REQUIRED ACTION: Whenever a line in the data contains "stage", show that line.

SUPPLIED MATERIAL:

((

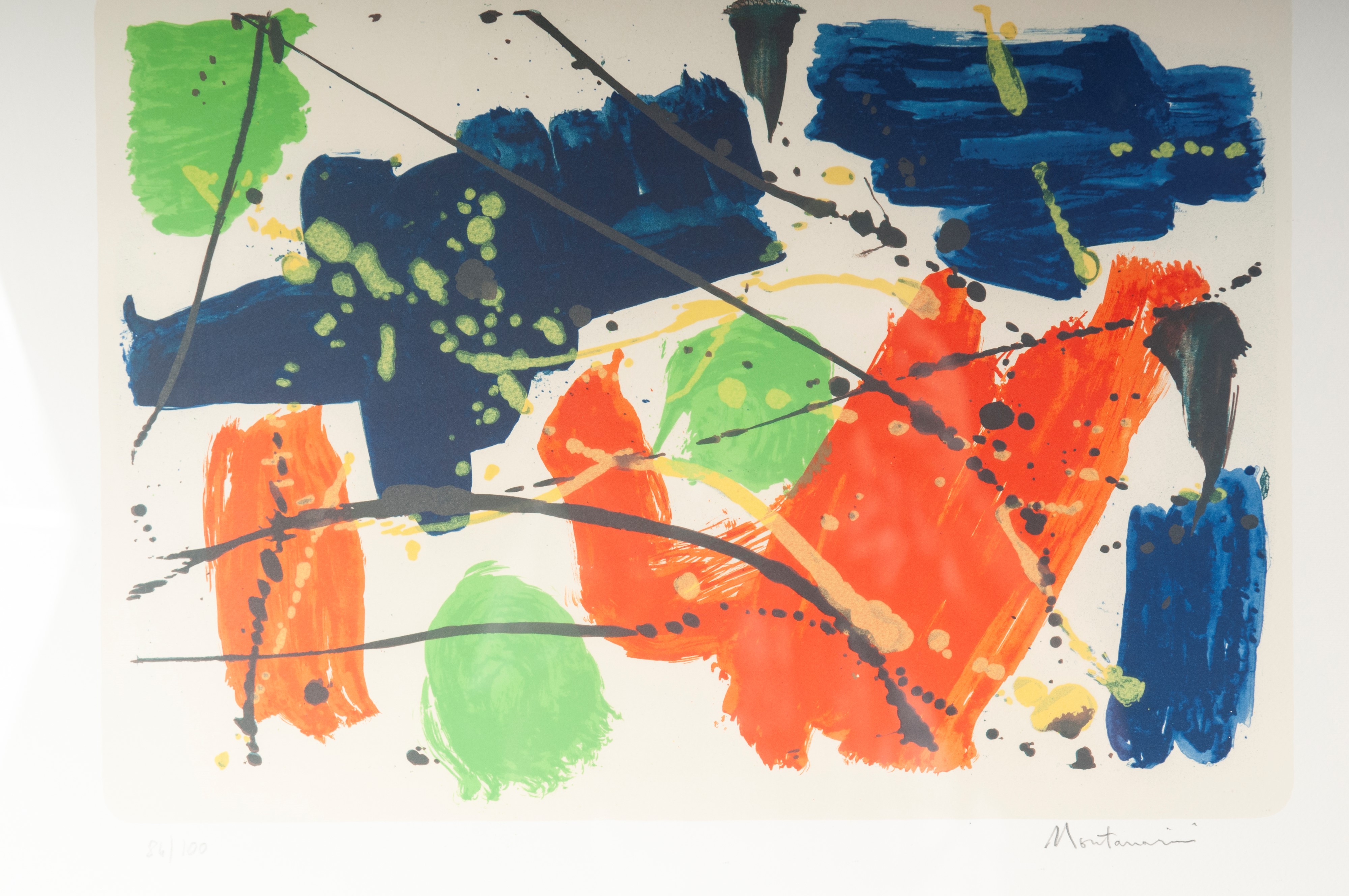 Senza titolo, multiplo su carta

))
((

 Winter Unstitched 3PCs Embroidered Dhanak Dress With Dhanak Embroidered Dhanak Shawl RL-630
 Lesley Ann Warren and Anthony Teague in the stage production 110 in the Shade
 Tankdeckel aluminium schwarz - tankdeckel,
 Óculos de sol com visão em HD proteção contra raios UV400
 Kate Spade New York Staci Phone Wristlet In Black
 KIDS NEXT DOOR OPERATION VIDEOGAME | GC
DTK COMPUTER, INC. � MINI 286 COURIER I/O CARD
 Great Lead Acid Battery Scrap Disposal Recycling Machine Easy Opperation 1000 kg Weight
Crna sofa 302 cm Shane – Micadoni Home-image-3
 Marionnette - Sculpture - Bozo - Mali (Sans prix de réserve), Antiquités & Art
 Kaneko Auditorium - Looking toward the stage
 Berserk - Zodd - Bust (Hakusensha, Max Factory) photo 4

))

REPLY TO THE EXERCISE:
 Lesley Ann Warren and Anthony Teague in the stage production 110 in the Shade
 Kaneko Auditorium - Looking toward the stage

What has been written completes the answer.